| ASSIGNMENT |
In the entries that follow, locate the line with "Button - TeaKettle", then restate that line and all later lines exactly as they appear, leaving pictures out.

Segment Open

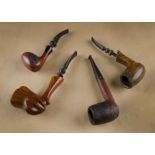 Four good Danish briar estate pipes, comprising a Søren free hand with carved and smooth bowl,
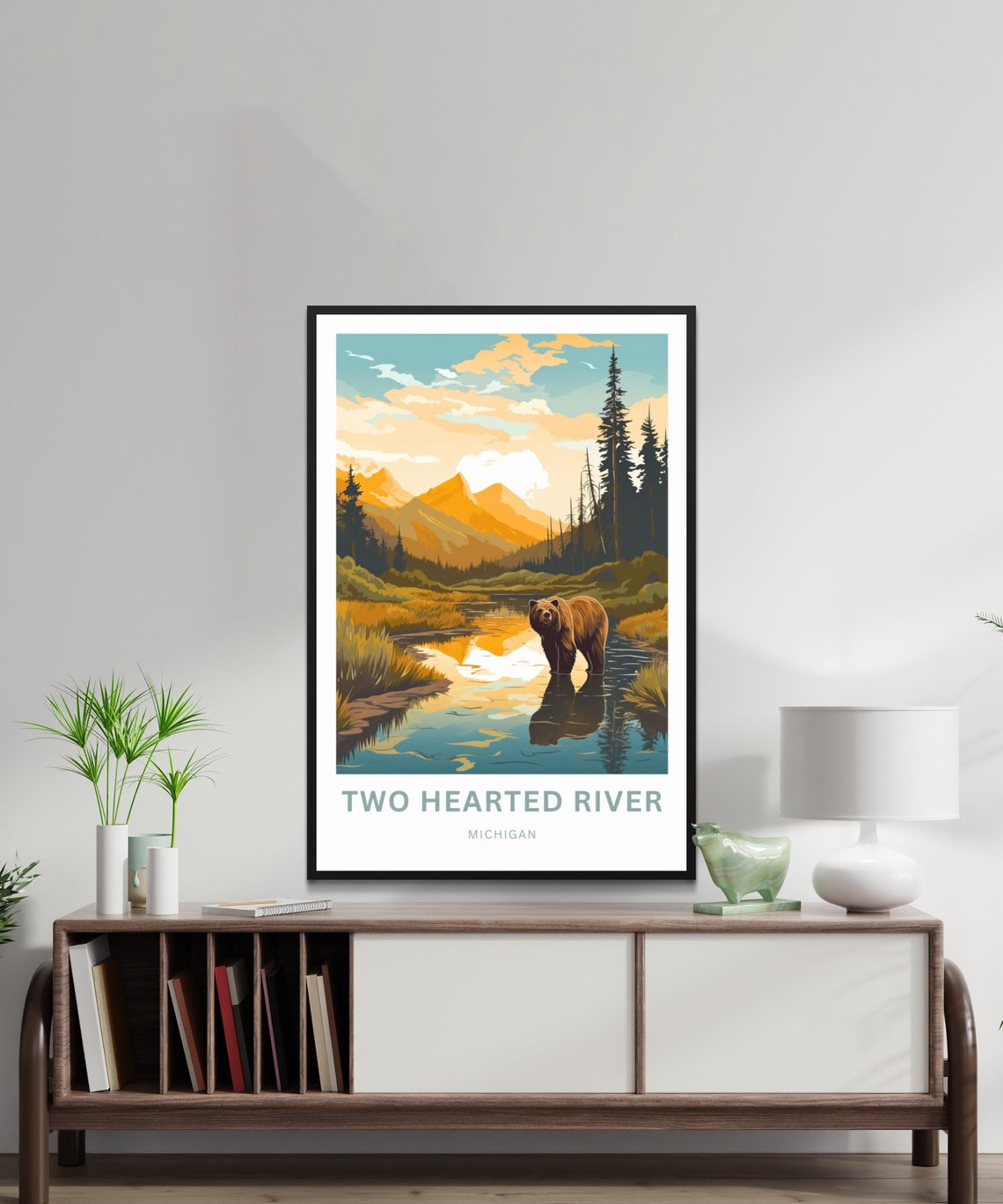 Two Hearted River Michigan Bear River Personalized Wildlife Poster - Image 3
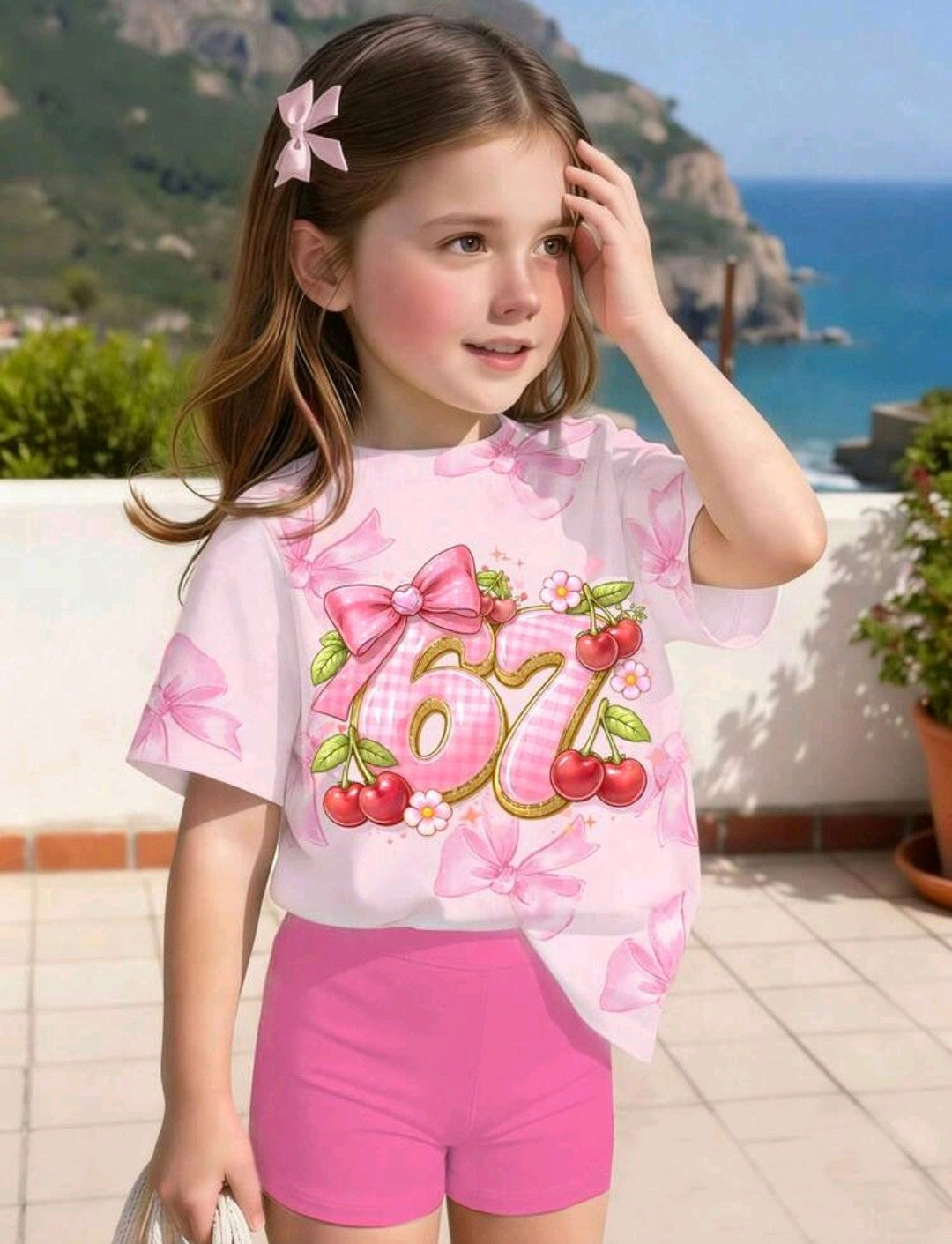 2pcs/Set Girls Sweet Cherry Print Bowknot Short Sleeve T-Shirt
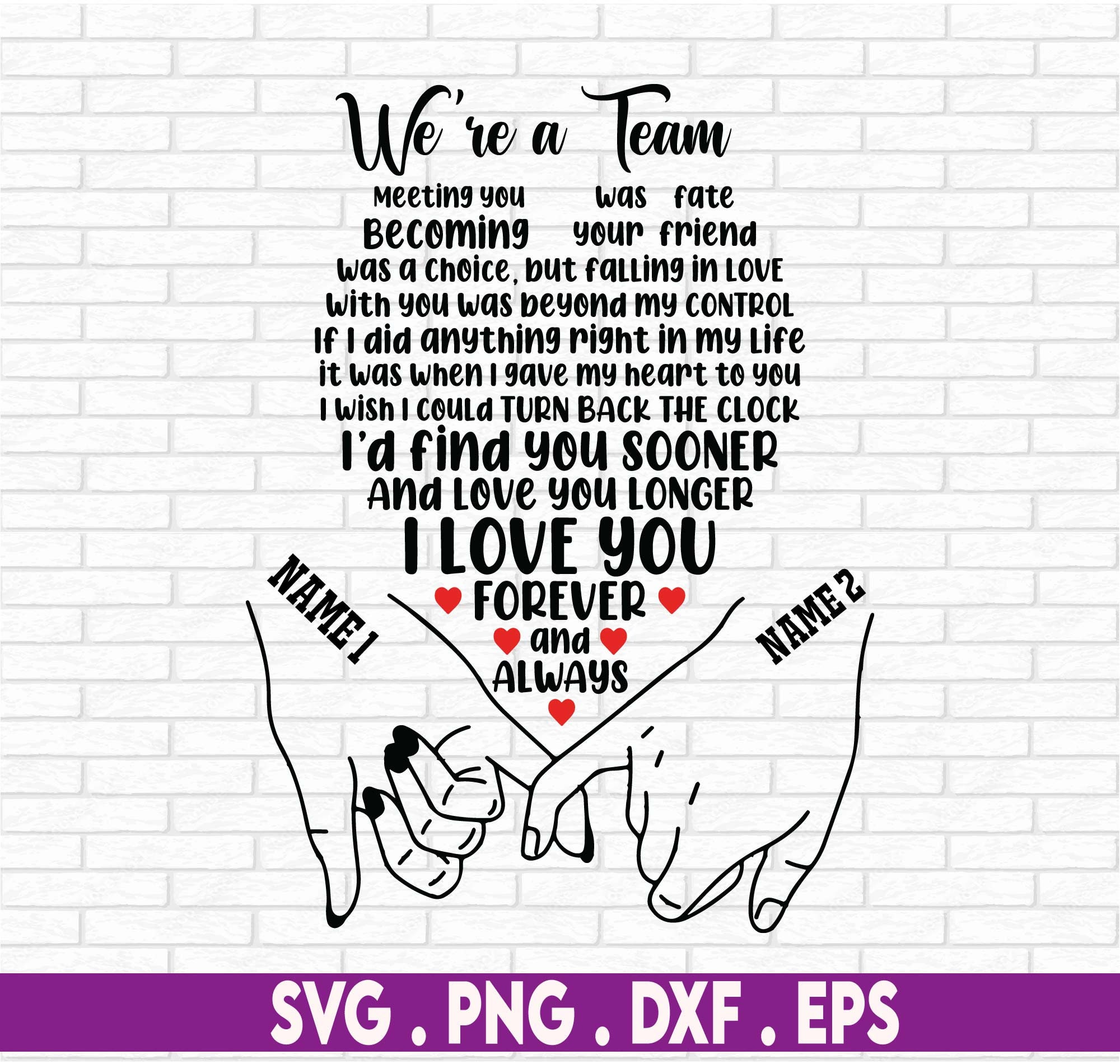 Custom Name We Are A Team Promise Hand In Hand Svg, Anniversary Gift Husband And Wife, Anniversary, Husband and Wife Svg, Valentine's Couple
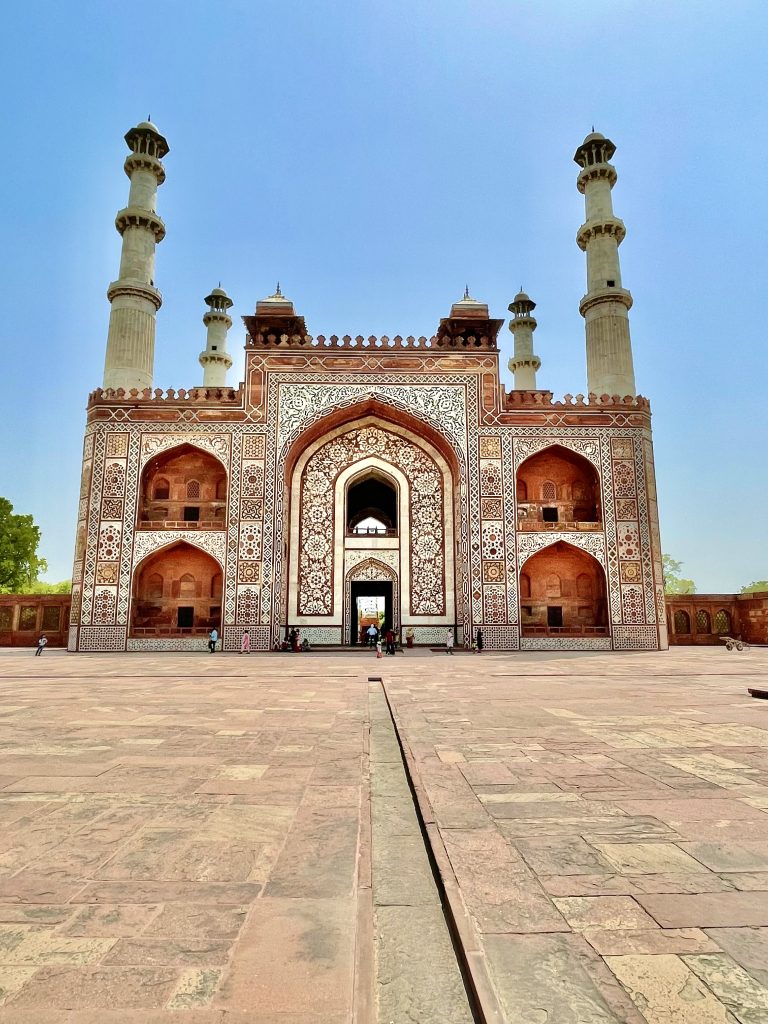 The inside view of the entrance of Mughal emperor Akbar’s tomb. Located in Agra, India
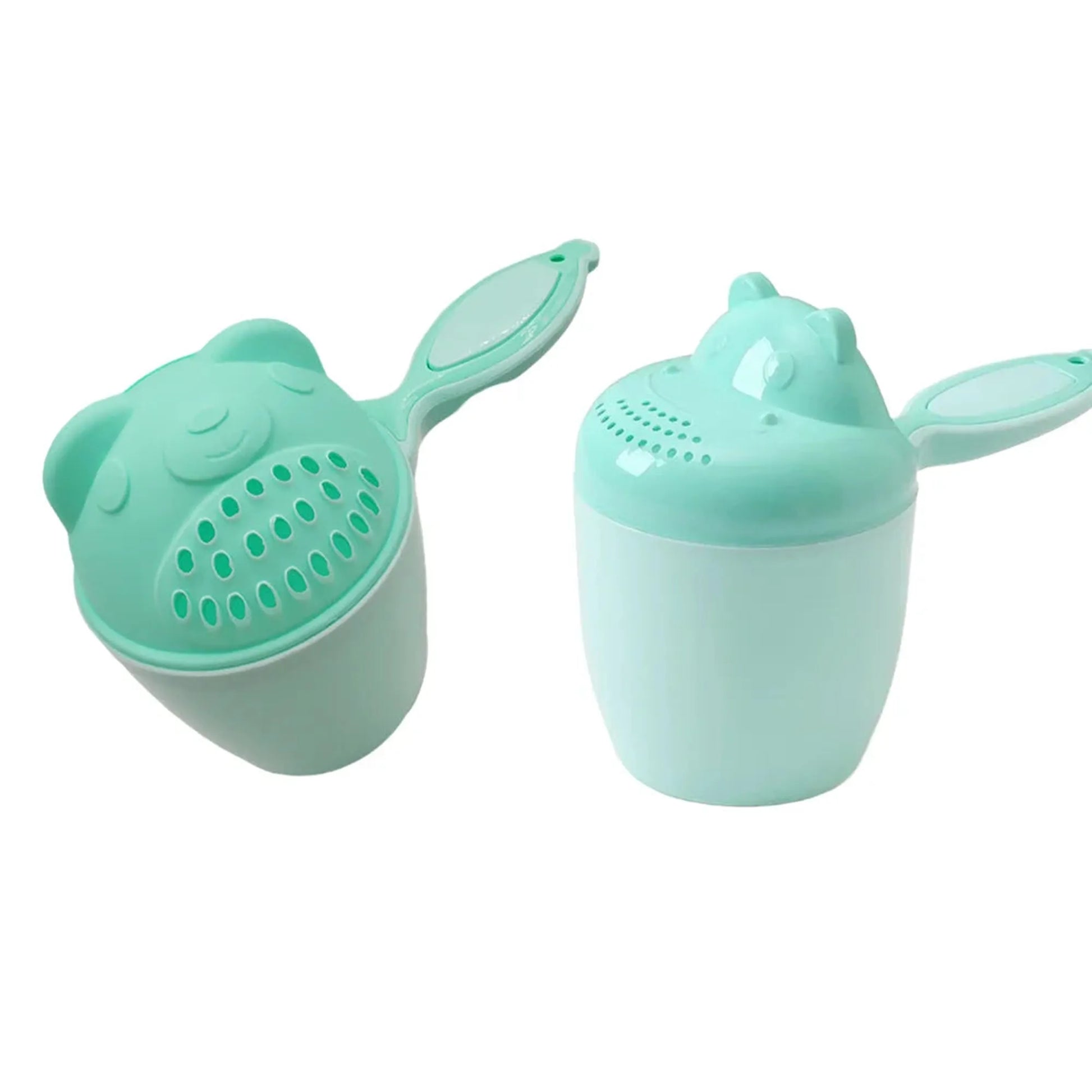 Mint green bear-shaped baby bath rinse cup with comfortable handle and gentle showerhead.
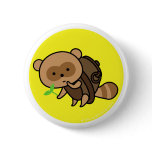 Button - TeaKettle Tanuki with Leaves - Yellow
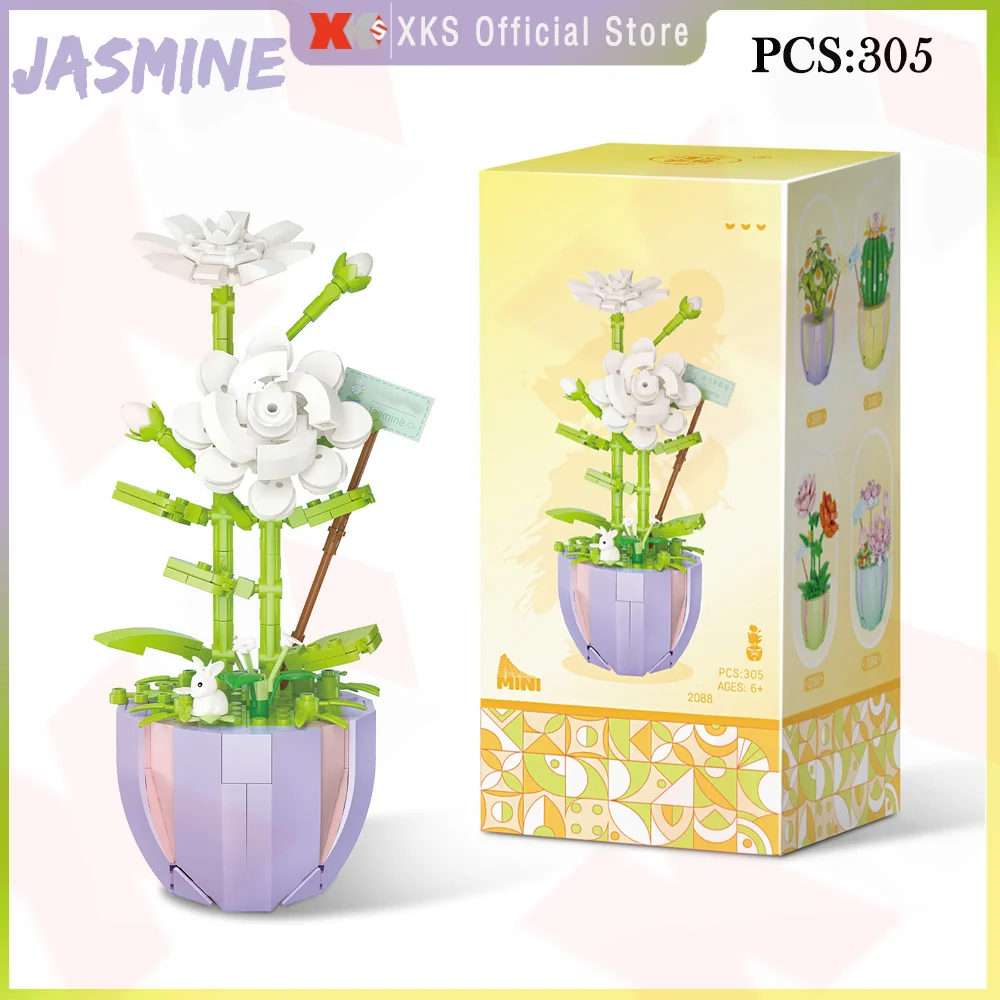 

Jasmine Flower Building Block 305Pcs Brick Eternal Bouquet Model Assembly Plastic Plant Decoration Educational Toy for Kids Gift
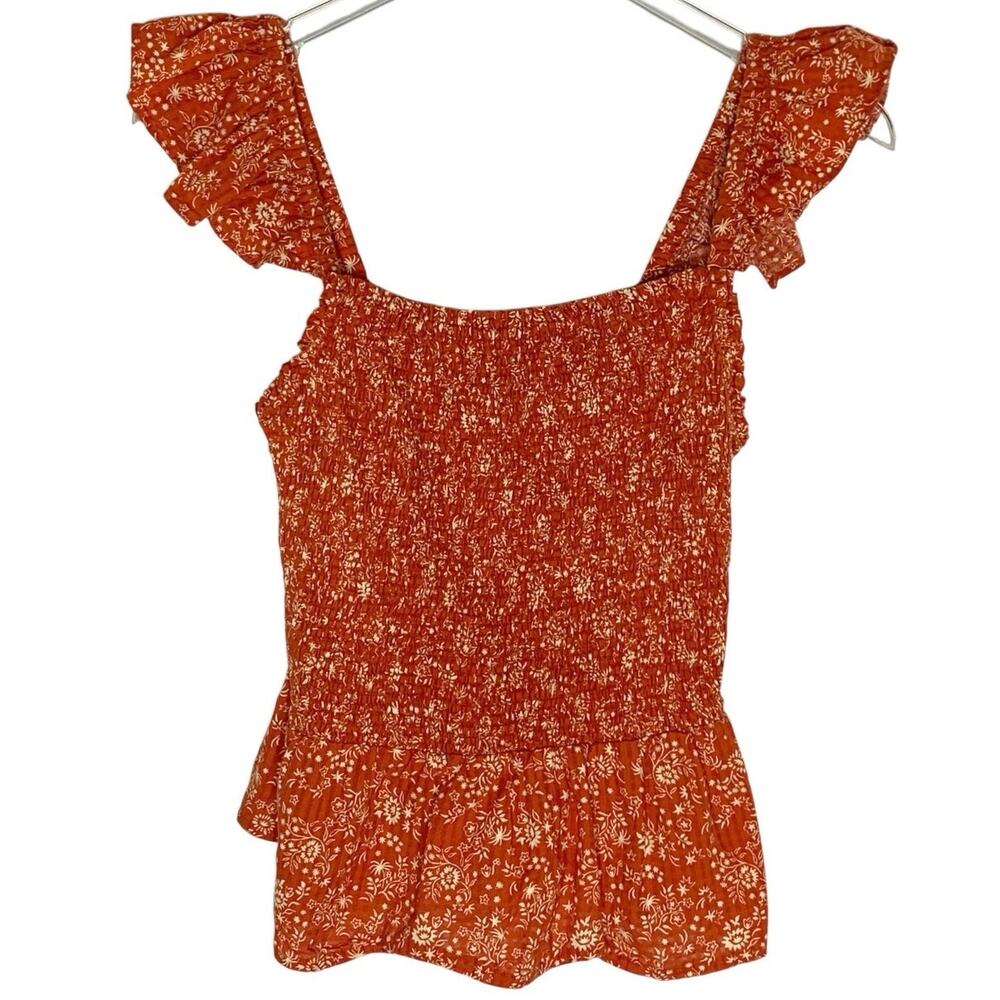 Madewell Lucie Smocked Peplum Top 4 Floral Fresh Chili Red Cottage Milkmaid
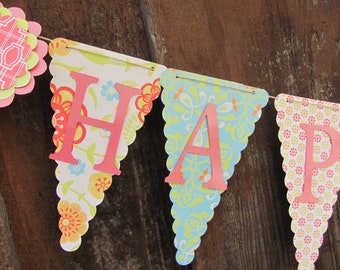 Happy Birthday Banner, Birthday Banner, Happy 1st Birthday Banner, Happy Birthday Girl Banner 1st Birthday,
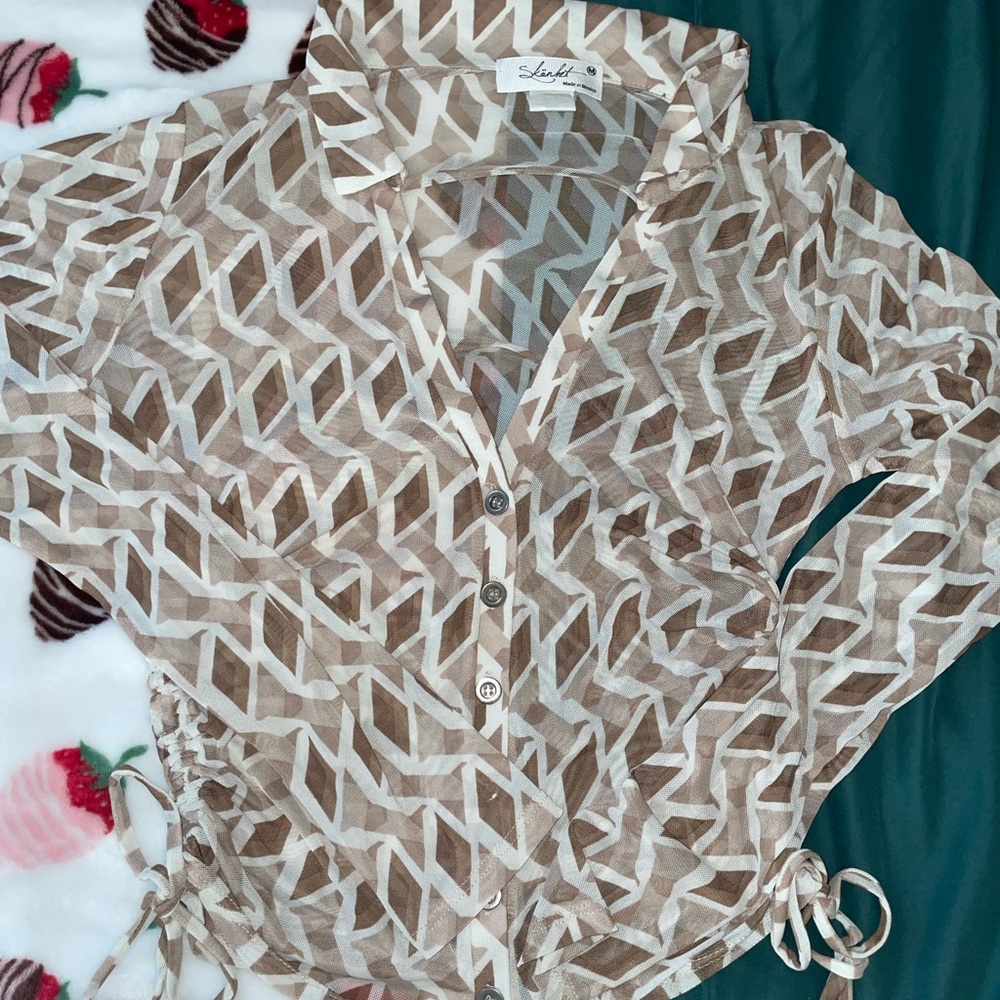 Tan and White Long Sleeve Wrap Button Down Shirt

Segment Closed

| RESPONSE TO THIS EXERCISE |
 Button - TeaKettle Tanuki with Leaves - Yellow

Jasmine Flower Building Block 305Pcs Brick Eternal Bouquet Model Assembly Plastic Plant Decoration Educational Toy for Kids Gift
 Madewell Lucie Smocked Peplum Top 4 Floral Fresh Chili Red Cottage Milkmaid
 Happy Birthday Banner, Birthday Banner, Happy 1st Birthday Banner, Happy Birthday Girl Banner 1st Birthday,
 Tan and White Long Sleeve Wrap Button Down Shirt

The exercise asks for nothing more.